Observability in Action: A Conversation with Helen Beal (Video)
James: Greetings everyone. Welcome to the video series, Observability in action, brought to you by Moogsoft and RT Insights. I’m Jim Connolly. I’m an editor with RT Insights, and with me today is Helen Beal. Helen is a strategic advisor to Moogsoft and a DevOps and Ways of Working coach. Welcome, Helen.
Helen Beal: Thank you very much, I’m delighted to be here.
James: Thank you for joining us. What is observability in an IT environment?
Helen Beal: So observability is a system characteristic. So it means that systems are able to be observed. You need a kind of conducive architecture in order for those systems to be observed in the first place, which means you need a culture that has the behavior of intending to build observability into those systems.
James: Well, how does it influence business outcomes?
Helen Beal: So, a key thing observability does is allow us to understand when something’s going wrong. What we’re really trying to say is that what people want to do is they want to create a sublime customer experience and the way that they’re going to do that is by getting things to them faster and making sure that they work properly. So what we need to do then is put ourselves in a position that when things go wrong, we have the best hope of fixing those problems as quickly as possible.
And this is where observability becomes important because that provides us with the data that allows us to understand what’s going on in our systems and allows us to make interpretations, get insights and decide what actions we want to take to remediate the problems.
So the key thing is to stop the system going down, or if it goes down to get it back up and running as quickly as possible. A secondary effect of that is that all that time that we’re working on that incident, we call that unplanned work, all that time we’re working on unplanned work means we’re not working on our planned work and our planned work generally is going to be the things that are going to be differentiating features.
There’s a third one though, that we often don’t talk about, which is that we have instability in our systems. We have something called technical debt, it builds up over time. It happens when we do things like we allow known defects and things to pass downstream when we’re cutting corners. We know they’re not quite right, but we never go back and fix it.
James: So who in an enterprise organization should care about observability?
Helen Beal: It’s definitely more of the technical teams priority, I think, than the CEO. A CIO should absolutely be interested in this and anyone working on the frontline is going to be interested in this as well. So the CIO will almost certainly have targets around performance, they’ll be being asked to report on older metrics around things like the amount of downtime, probably MTTR as will be our ITOps teams, the DevOps teams themselves would probably be concerned with MTTR. I think pretty much everyone in the technology team should have this culture of building systems that have the capability to be observed within them.
James: What’s it take to adopt and adapt observability for your organization?
Helen Beal: So as I said it’s about what I call a conducive architecture and by that, I mean, an architecture that understands it needs to be observable.

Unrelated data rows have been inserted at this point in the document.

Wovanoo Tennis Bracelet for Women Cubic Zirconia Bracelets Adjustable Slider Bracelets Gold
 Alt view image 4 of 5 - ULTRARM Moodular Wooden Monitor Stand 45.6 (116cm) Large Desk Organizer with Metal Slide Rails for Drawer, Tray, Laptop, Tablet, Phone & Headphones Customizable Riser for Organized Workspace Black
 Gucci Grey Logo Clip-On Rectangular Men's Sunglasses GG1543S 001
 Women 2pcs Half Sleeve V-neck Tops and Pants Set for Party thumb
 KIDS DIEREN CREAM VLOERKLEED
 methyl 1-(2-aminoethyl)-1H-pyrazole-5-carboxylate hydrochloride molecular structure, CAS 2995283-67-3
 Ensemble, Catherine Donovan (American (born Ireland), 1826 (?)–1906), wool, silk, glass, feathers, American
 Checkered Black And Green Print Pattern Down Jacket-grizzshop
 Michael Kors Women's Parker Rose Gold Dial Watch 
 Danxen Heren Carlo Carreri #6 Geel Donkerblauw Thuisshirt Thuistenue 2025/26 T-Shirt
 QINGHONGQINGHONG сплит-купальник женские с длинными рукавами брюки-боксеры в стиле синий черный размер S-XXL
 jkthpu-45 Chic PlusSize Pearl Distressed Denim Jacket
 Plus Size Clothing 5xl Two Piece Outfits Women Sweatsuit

So it needs to be embedded in the architectural level and then at the build levels. So observability is a characteristic of the system that it is observable. The human still then has to observe it. So we will do that by using mostly monitoring tools and most organizations will have lots and lots of monitoring tools, monitoring different things.
The problem we have with monitoring right now is that we’ve got so much of it, as I said, most organizations have lots and lots of tools and we have lots and lots of data. Additionally, most businesses, 80% or more of the data that we’re creating is unstructured.
So in the context of observability, that unstructured data is things like log files it’s where we’ve got lots of text. We’ve created observability and telemetry everywhere, which is marvelous but we’ve just created ourselves waves and waves and waves of more dataSo we have our poor ITOps people and DevOps teams, that are now overloaded with data overloaded with alerts from monitoring systems.
Helen Beal: So there’s a distinct phrase we use alert, fatigue. So people have more data than they can possibly know what to do with. And this is where things like AIOps really step in.
James: Now I understand that there’s neuroscience behind observability. What role does it play?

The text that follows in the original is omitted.